St. Agatha

February 5,2004

by Rev. Herbert Nichols

Picture yourself awaking in bed and Jesus standing in you room. No you are not dead, yet. But he is there to prepare you for what all of us must ultimately face as the inevitable. Your heart might begin pounding with anticipation and fear; you can conjure up excuses, a dime a dozen, but, I think Jesus would probably smile at your timidity and foolishness and say, as he did to his apostles: Go out there and face the world. Tell, whomever you meet, how much I love them, and accept the consequences.

Many, perhaps some of you, do just that when you teach or taught CCD, perhaps intimidated much less by a group of teenagers than by an individual person. But we have nothing to fear if we have the love of God working us. Perfect love casts out fear.

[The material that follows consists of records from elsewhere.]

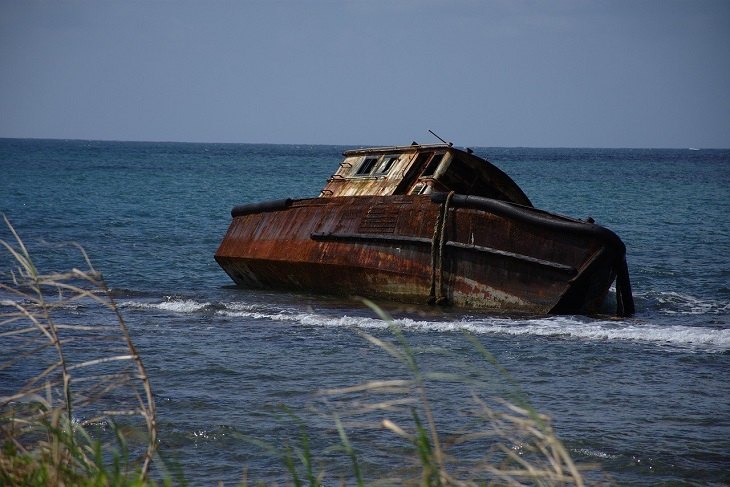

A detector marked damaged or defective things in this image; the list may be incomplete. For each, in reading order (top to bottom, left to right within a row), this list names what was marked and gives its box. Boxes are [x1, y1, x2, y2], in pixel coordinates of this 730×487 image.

corroded hull [212, 194, 632, 316]
rusty shipwreck [215, 142, 632, 316]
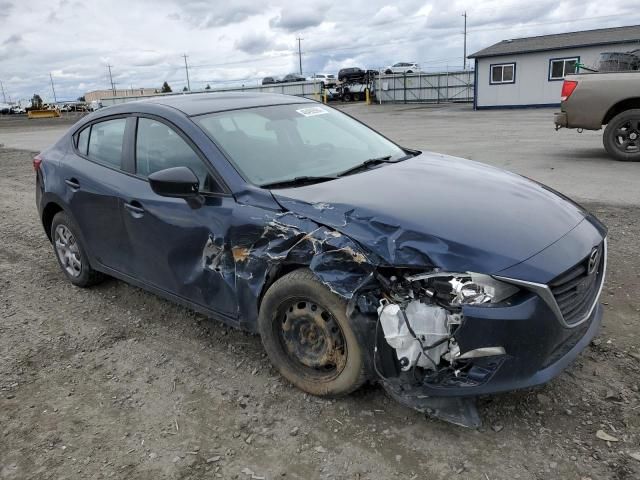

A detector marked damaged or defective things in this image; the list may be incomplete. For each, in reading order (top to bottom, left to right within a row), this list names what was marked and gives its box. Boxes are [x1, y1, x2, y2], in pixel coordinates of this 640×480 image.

damaged blue sedan [35, 93, 604, 428]
shattered headlight assembly [448, 274, 524, 304]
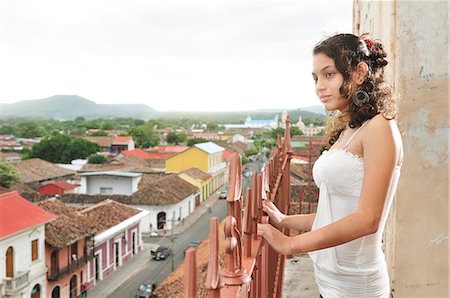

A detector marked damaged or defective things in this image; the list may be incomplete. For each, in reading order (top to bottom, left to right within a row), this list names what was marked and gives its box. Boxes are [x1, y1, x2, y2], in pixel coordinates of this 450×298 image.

peeling plaster wall [354, 0, 448, 296]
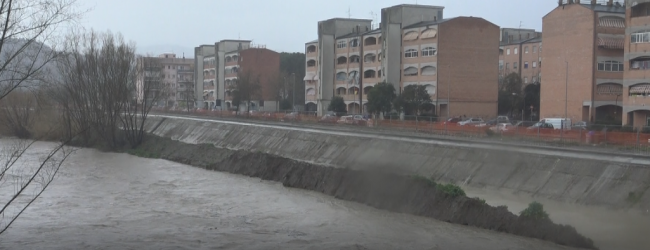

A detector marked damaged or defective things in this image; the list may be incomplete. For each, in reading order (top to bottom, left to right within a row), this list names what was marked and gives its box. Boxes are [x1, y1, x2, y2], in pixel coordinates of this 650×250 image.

damaged riverbank [133, 135, 596, 250]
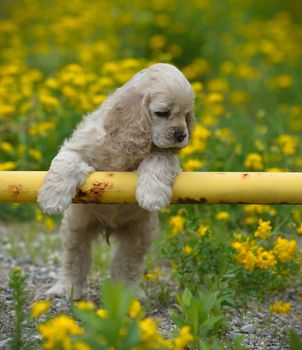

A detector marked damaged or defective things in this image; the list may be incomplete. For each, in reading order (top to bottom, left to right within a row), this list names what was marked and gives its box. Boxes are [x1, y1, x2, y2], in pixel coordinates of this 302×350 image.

rust spot on pipe [73, 180, 113, 202]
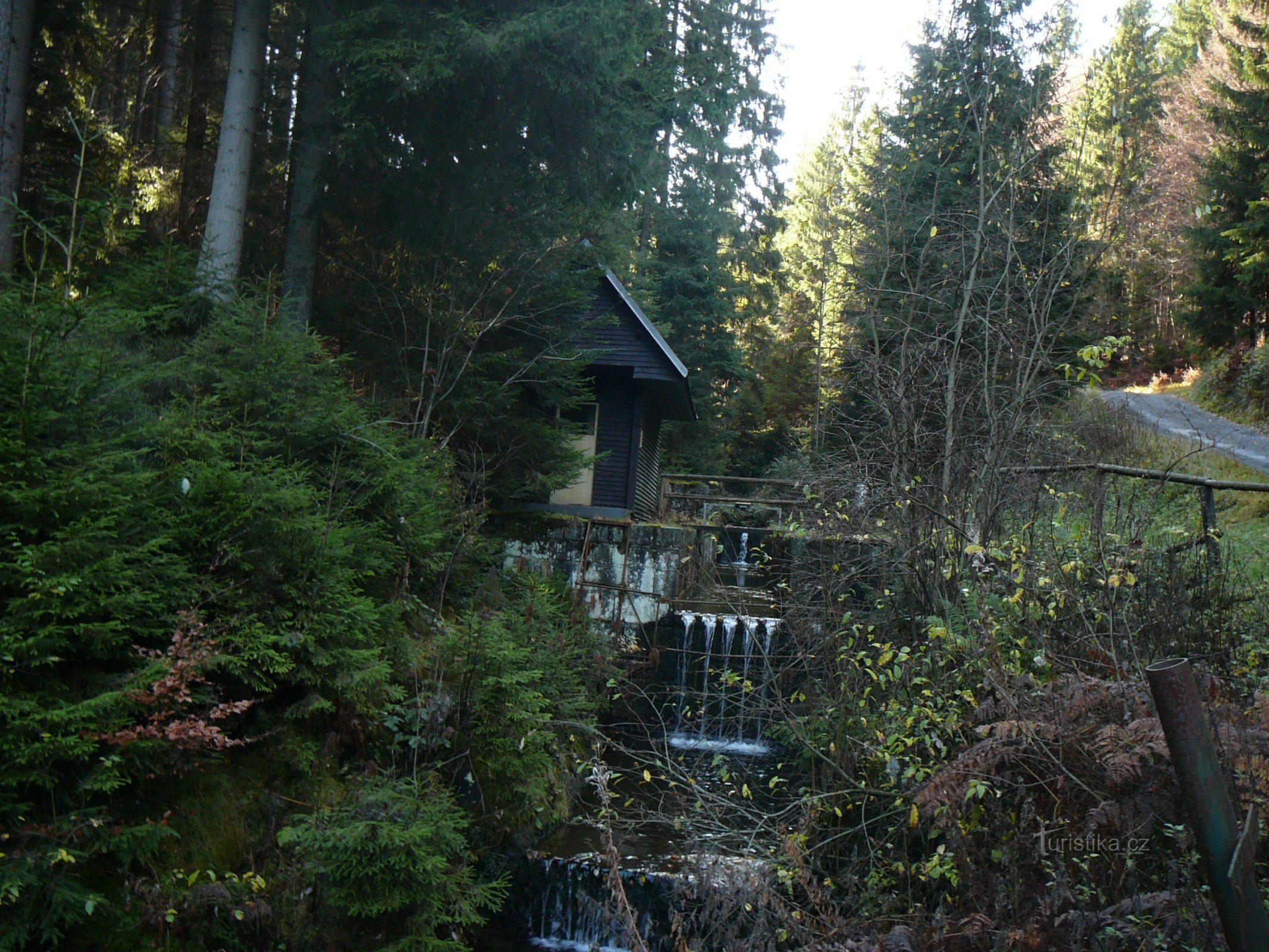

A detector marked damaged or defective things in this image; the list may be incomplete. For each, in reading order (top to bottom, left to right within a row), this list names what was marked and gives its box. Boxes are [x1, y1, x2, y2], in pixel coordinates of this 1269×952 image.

rusted pipe [1147, 660, 1264, 949]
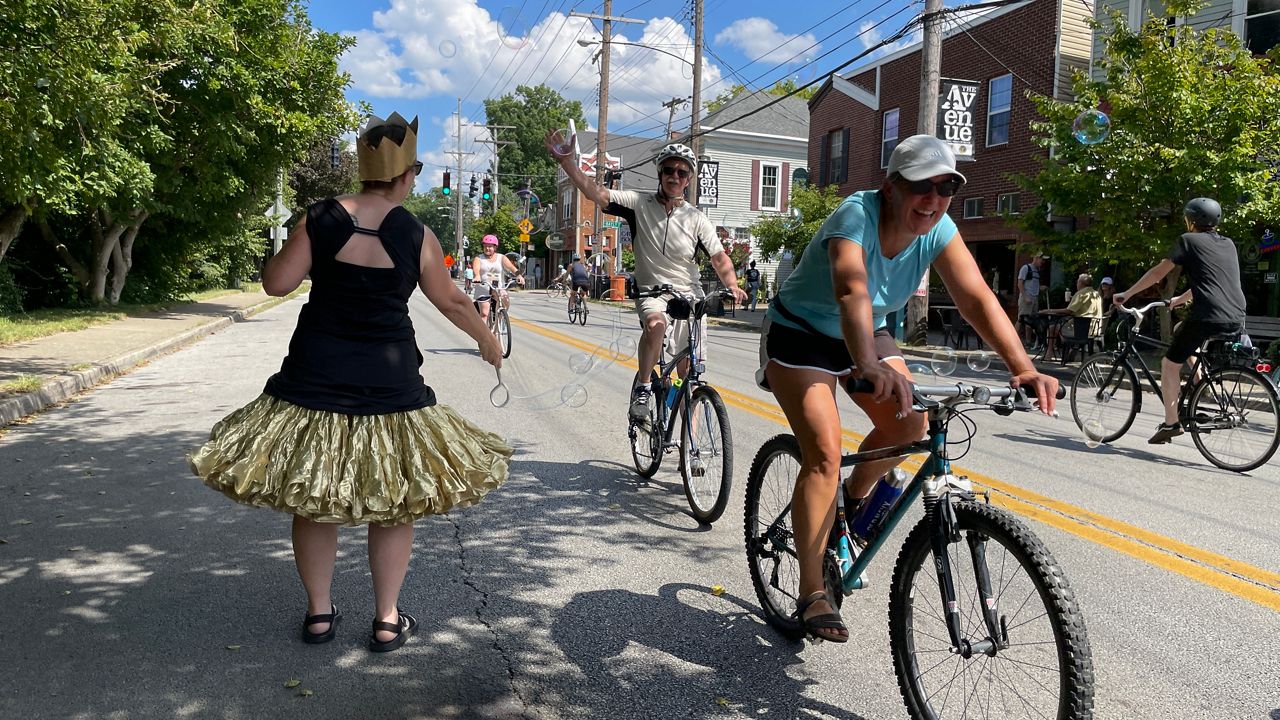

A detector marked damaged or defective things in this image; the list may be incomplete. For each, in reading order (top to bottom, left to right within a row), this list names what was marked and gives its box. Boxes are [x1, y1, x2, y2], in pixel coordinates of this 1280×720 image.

crack in pavement [448, 509, 532, 717]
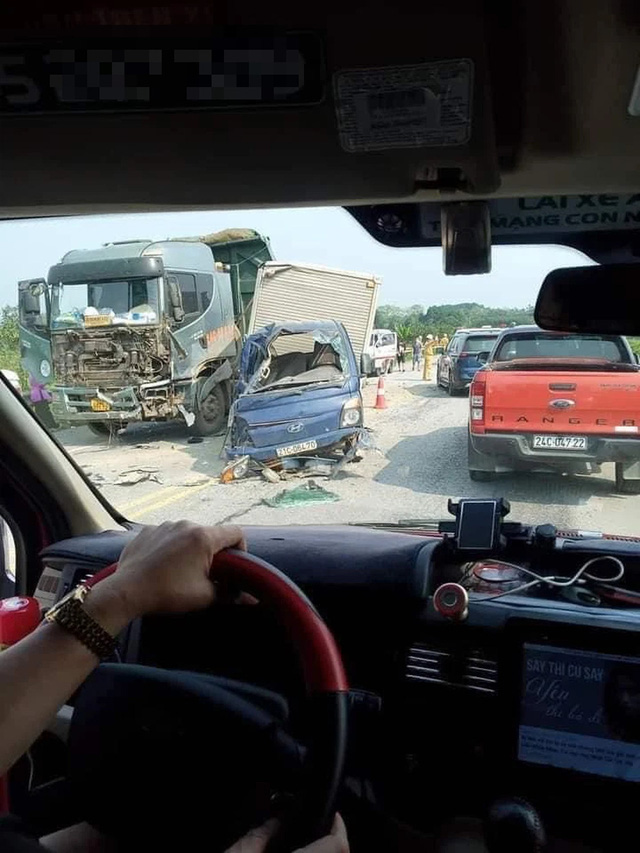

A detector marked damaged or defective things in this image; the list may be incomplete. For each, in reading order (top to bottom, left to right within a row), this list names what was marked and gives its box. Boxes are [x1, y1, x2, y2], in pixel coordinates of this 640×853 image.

damaged truck cabin [17, 230, 272, 436]
damaged truck cabin [228, 322, 362, 466]
cracked windshield [2, 207, 636, 536]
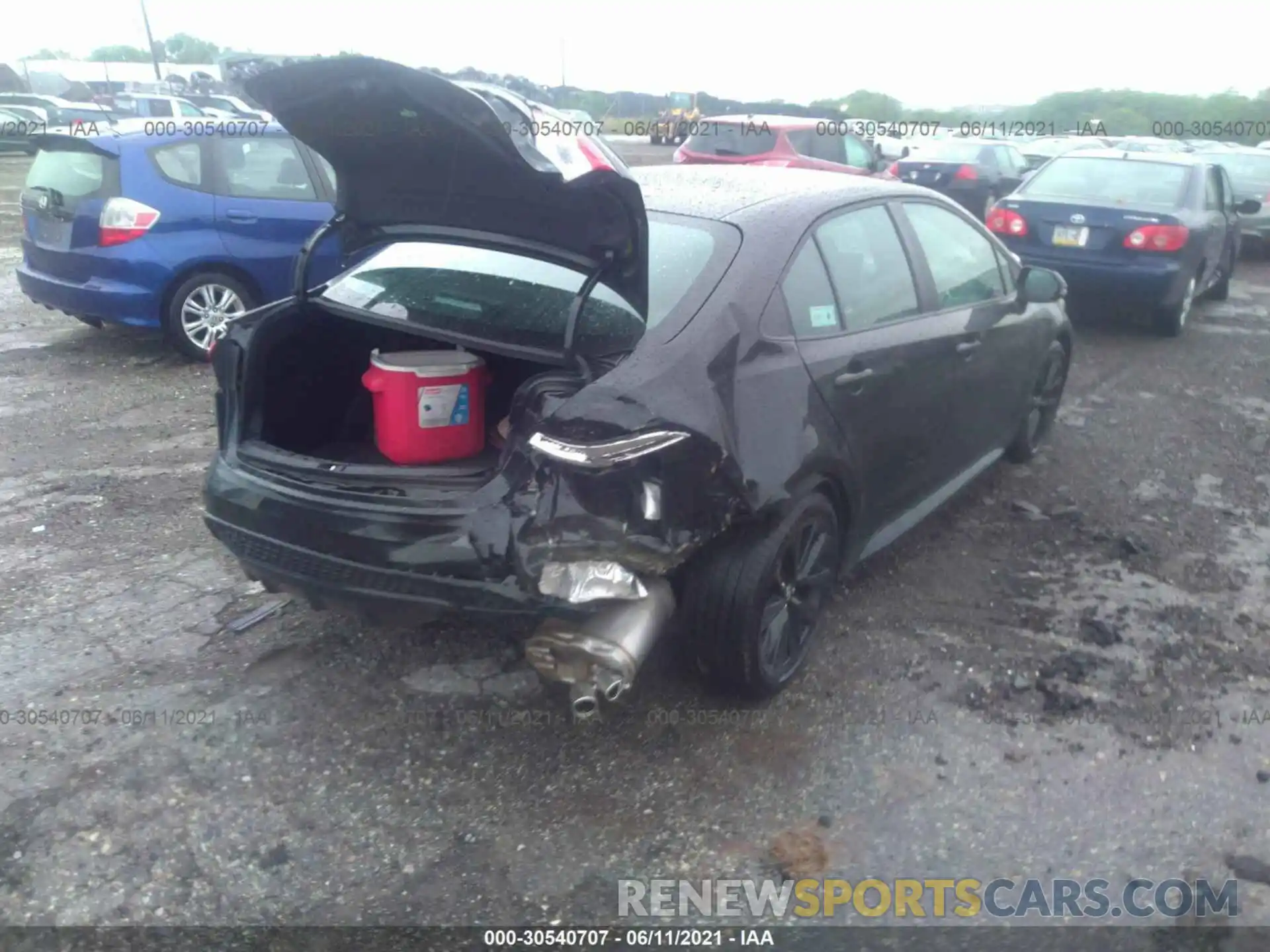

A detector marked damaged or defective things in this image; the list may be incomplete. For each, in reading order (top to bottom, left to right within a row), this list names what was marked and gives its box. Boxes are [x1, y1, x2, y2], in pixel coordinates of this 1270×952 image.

crumpled sheet metal [537, 558, 651, 603]
damaged black sedan [204, 56, 1074, 719]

Today we honor a young woman of the third century; a very young girl who refused the pre-arranged marriage for her that was the custom of the day. She refused the marriage, because her fiancée refused to convert to Christianity, nor would she abandon the beliefs of her faith.

Sometimes today such marriages are attempted and have some success, but in those days her stubbornness subjected her to great public indignity and torture and ultimate martyrdom.

But there is more here than a rejection of marriage, and even of conjugal union. It is about how sexuality is viewed. Many studies today show that sexuality and personality are connected on very deep levels. Our sexuality is a very critical part of who we are. Contrary to modern theory, sexuality and spirituality are intrinsic not contradictory.

Yet, this is also an age when people tend to sever sexuality from their deepest core and trivialize actions, loosing focus on beings. It should be no surprise that when trivialized in this fashion, that self-respect plummets. Again with irony, we live in age that holds high regard for emotional integrity, political integrity, financial integrity, and to some extend religious integrity, but sexual integrity is something to be felt as shameful and secret.

Agatha stands before the world today for sexual self-respect. Whatever she may have meant to previous generations in terms of heroic loyalty to the faith; to our own generation she shows a person who refused to compromise her own personal dignity.

We have seen the chastisement and purification brought through repentance for the sins of David; but why do the innocent suffer? Perhaps for the purification and the enlightenment of others.

Is that why Jesus, the fruit of David’s loin; the apple that fell from the tree, came as a suffering Messiah.

In the first reading David realizes that he is about to die. He summoned his son, Solomon, (Jedidiah), to be his successor as king. He wanted Solomon to clearly understand the conditions that he would have to follow if he wanted to stay in the Lord’s favor. But all David could do was instruct Solomon; for death would separate them leaving the young king to mature for himself.

Eventually for Solomon, he would meet his own Goliaths and fall even deeper into sin than his father. The united kingdoms, upon the death of Solomon, would again become divided and destroyed.

But the love that David was unable to communicate to his son, Jesus has been able to communicate through his vicarious suffering and death.

If we truly come to believe as David did that God loves me; if you can come to believe as Agatha did that God has given me self-dignity, not because I am worthy, but because I am in need of His love, than you too can fearlessly share that good news with anyone.